Todavía puedo ser tan desalentador como cualquiera que conozca, pero también creo que el desánimo ya no surge tan rápido como antes. Cada vez me parece que tiendo más al ánimo que al desánimo. Después de un par de meses pude eliminar la cita recurrente de mi de Outlook, ya que el ánimo empezó a surgir de forma natural.

Bridges escribe: “Los hábitos se desarrollan por repetición, y es en el ámbito de las elecciones morales donde desarrollamos patrones de hábitos espirituales”. Creo que esto se comprobó en mi experiencia. “Es a través de las acciones justas que desarrollamos un carácter santo. La santidad de carácter, entonces, se desarrolla una elección a la vez mientras elegimos actuar rectamente en todas y cada una de las situaciones y circunstancias que encontramos durante el día”.

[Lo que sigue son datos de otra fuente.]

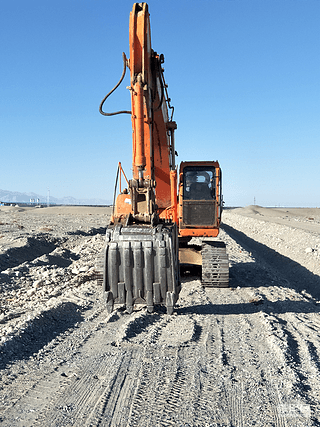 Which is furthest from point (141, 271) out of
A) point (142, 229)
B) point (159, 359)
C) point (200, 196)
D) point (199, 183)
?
point (199, 183)

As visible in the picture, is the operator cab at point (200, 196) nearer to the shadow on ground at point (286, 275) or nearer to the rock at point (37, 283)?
the shadow on ground at point (286, 275)

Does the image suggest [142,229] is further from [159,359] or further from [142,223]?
[159,359]

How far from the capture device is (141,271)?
6453mm

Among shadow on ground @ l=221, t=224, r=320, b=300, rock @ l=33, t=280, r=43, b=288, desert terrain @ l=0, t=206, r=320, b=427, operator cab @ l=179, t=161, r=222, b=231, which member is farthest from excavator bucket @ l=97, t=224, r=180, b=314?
shadow on ground @ l=221, t=224, r=320, b=300

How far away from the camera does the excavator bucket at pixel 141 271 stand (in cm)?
641

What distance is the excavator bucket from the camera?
21.0 ft

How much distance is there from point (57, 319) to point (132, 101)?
426cm

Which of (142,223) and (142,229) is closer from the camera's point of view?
(142,229)

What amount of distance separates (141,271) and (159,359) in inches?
60.3

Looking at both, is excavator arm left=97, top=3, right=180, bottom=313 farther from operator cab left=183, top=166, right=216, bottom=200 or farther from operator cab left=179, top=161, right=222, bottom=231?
operator cab left=183, top=166, right=216, bottom=200

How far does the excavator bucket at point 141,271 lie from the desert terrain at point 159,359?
0.60 metres

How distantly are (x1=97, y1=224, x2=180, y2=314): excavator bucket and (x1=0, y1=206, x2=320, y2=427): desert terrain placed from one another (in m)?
0.60

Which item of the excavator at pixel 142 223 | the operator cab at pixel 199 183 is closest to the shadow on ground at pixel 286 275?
the operator cab at pixel 199 183

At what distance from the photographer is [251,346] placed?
6.01 meters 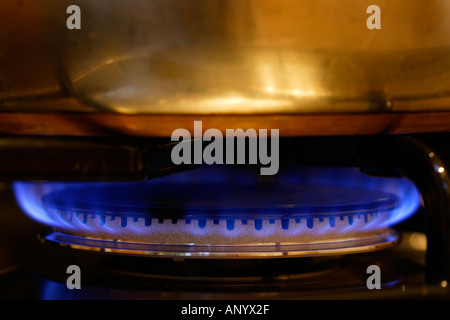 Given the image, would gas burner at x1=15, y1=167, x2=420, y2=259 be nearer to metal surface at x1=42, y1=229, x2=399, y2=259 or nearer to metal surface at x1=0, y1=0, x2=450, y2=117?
metal surface at x1=42, y1=229, x2=399, y2=259

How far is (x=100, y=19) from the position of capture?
0.34 meters

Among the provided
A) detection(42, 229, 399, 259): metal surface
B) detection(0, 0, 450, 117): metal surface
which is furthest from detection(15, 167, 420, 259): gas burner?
detection(0, 0, 450, 117): metal surface

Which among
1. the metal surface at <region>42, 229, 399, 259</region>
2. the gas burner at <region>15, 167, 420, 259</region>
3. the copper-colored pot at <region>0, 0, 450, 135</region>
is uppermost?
the copper-colored pot at <region>0, 0, 450, 135</region>

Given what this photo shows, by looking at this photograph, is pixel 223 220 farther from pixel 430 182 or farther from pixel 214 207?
pixel 430 182

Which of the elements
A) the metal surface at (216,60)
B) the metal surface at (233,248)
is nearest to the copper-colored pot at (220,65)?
the metal surface at (216,60)

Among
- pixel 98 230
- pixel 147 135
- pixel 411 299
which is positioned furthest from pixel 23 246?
pixel 411 299

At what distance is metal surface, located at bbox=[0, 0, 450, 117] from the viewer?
0.33 meters

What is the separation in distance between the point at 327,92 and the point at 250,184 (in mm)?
226

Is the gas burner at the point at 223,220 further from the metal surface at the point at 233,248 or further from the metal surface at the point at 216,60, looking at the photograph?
the metal surface at the point at 216,60

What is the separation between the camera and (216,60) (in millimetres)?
330

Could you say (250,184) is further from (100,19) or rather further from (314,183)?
(100,19)

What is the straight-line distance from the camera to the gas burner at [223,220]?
1.36 feet

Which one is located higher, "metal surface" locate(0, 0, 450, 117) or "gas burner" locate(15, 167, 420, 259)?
"metal surface" locate(0, 0, 450, 117)

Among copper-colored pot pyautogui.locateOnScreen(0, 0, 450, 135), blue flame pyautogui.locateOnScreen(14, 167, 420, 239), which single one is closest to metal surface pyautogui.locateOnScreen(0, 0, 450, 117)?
copper-colored pot pyautogui.locateOnScreen(0, 0, 450, 135) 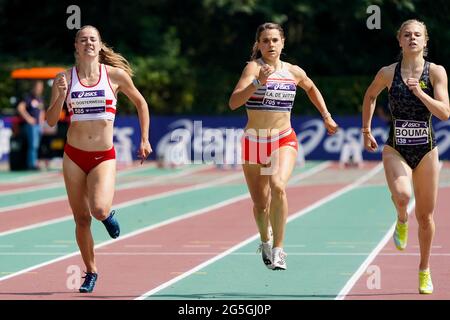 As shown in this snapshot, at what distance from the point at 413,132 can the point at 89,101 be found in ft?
8.15

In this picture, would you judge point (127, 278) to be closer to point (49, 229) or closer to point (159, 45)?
point (49, 229)

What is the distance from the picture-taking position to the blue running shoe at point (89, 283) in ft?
35.0

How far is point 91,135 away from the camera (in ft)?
35.2

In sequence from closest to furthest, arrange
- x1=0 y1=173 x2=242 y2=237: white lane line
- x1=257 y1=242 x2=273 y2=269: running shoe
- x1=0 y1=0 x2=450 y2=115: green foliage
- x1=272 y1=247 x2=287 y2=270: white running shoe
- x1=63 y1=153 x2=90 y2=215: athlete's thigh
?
x1=63 y1=153 x2=90 y2=215: athlete's thigh
x1=272 y1=247 x2=287 y2=270: white running shoe
x1=257 y1=242 x2=273 y2=269: running shoe
x1=0 y1=173 x2=242 y2=237: white lane line
x1=0 y1=0 x2=450 y2=115: green foliage

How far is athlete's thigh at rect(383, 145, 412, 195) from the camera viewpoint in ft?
34.1

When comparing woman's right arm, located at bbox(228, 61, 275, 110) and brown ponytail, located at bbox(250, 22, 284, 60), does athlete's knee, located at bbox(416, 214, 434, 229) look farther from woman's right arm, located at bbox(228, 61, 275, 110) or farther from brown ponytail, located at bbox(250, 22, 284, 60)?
brown ponytail, located at bbox(250, 22, 284, 60)

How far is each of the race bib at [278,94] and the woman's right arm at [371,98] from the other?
70cm

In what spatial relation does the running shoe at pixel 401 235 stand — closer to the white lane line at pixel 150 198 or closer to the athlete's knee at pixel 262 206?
the athlete's knee at pixel 262 206

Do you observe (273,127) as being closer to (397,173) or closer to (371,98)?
Answer: (371,98)

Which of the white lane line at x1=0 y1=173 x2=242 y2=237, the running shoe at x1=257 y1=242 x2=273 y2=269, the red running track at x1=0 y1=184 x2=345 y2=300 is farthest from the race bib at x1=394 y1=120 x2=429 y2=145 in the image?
the white lane line at x1=0 y1=173 x2=242 y2=237

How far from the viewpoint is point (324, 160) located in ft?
106

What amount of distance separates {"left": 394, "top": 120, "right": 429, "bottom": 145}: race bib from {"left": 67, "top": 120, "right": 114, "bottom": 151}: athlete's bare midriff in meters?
2.25

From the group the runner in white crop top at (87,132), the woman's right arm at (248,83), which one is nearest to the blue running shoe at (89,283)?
the runner in white crop top at (87,132)

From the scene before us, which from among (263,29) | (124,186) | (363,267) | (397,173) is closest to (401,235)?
(397,173)
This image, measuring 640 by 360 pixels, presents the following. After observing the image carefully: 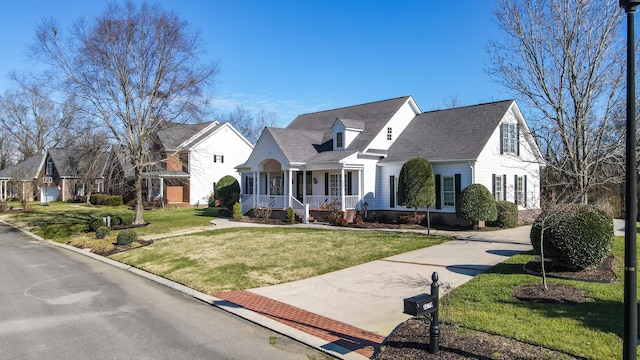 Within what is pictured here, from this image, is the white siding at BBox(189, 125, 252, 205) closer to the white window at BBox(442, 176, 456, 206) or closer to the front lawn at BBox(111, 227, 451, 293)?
the front lawn at BBox(111, 227, 451, 293)

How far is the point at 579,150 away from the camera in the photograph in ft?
43.4

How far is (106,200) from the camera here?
4212cm

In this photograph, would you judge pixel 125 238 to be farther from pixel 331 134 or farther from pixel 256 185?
pixel 331 134

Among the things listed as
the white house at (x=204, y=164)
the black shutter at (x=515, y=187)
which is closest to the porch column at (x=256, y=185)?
the white house at (x=204, y=164)

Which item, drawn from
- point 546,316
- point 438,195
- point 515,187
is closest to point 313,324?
point 546,316

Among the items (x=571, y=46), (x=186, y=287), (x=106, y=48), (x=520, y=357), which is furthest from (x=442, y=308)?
(x=106, y=48)

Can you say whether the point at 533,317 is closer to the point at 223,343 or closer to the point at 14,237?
the point at 223,343

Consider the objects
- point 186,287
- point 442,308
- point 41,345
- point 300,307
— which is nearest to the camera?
point 41,345

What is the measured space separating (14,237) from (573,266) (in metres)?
26.9

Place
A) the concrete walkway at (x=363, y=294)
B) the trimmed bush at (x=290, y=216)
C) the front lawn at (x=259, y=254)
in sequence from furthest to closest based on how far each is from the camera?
the trimmed bush at (x=290, y=216)
the front lawn at (x=259, y=254)
the concrete walkway at (x=363, y=294)

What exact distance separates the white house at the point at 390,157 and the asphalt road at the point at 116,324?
15292 mm

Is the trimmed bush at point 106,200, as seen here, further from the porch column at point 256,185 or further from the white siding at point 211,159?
the porch column at point 256,185

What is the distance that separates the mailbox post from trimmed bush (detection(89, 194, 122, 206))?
41529 millimetres

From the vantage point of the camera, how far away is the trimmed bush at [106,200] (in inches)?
1638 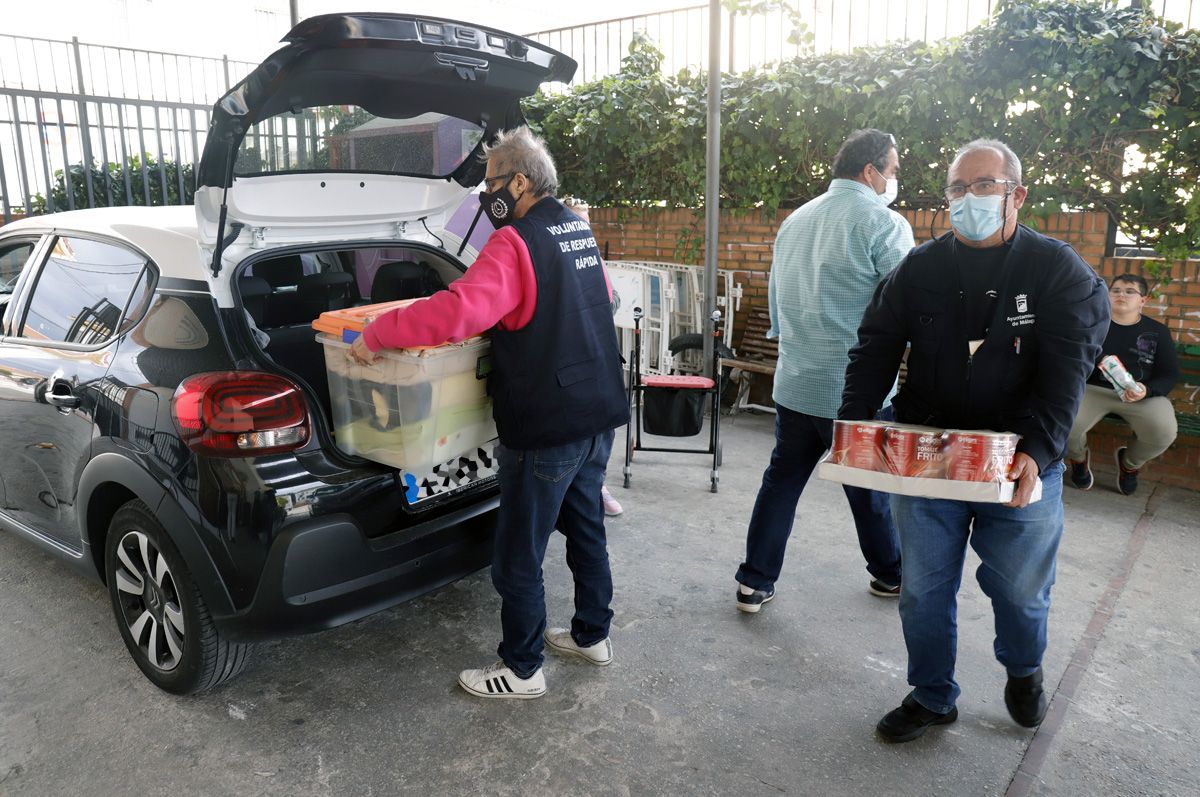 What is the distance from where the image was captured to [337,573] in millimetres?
2592

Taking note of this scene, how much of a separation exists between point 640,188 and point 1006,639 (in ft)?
19.1

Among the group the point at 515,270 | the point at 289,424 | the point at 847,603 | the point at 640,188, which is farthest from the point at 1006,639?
the point at 640,188

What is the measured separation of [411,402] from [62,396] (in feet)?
4.40

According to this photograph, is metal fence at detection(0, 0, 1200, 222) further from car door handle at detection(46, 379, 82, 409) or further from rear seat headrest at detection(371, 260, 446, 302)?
car door handle at detection(46, 379, 82, 409)

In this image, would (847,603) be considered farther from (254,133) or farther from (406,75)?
(254,133)

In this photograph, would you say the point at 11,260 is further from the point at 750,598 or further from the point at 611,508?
the point at 750,598

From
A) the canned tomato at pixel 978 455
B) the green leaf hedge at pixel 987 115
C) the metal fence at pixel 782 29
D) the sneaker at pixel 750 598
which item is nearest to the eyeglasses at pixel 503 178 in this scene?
the canned tomato at pixel 978 455

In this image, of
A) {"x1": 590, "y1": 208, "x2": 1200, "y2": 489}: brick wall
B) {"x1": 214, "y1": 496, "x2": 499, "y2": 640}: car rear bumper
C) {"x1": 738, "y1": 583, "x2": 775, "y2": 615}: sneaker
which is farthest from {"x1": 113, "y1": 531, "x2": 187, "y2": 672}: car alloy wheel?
{"x1": 590, "y1": 208, "x2": 1200, "y2": 489}: brick wall

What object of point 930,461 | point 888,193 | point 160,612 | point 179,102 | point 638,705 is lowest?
point 638,705

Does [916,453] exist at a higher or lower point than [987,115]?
lower

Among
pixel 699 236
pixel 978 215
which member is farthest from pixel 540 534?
pixel 699 236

Creo que hay quienes piensan que la disciplina trae consigo la santidad. Hay hombres y mujeres increíblemente disciplinados. Se levantan de la cama a la misma hora cada día, dedican 22 minutos a orar y 17 a leer la Biblia. Sienten que esta disciplina les lleva más cerca de Dios. Pero yo no estoy de acuerdo. No es la disciplina o el compromiso o la convicción lo que nos hace santos. Más bien, “nos volvemos más santos por la obediencia a la Palabra de Dios, al elegir obedecer su voluntad tal como se revela en las Escrituras en todas las diversas circunstancias de nuestra vida”. La convicción, el compromiso y la disciplina son necesarios para tomar las decisiones correctas, pero el verdadero crecimiento espiritual sólo puede venir cuando elegimos obedecer los mandamientos de Dios, uno a la vez.

La disciplina, el compromiso, la convicción y los hábitos piadosos están estrechamente relacionados. Es importante que seamos disciplinados, pero sólo después de haber sido convencidos y de haber establecido una dirección hacia la piedad. En este momento la disciplina y el compromiso pueden ser usados por Dios para trabajar en nosotros su santidad. La disciplina no es más que un medio para un fin mucho más elevado, más parecido a Cristo. Es un amo cruel pero un siervo maravilloso.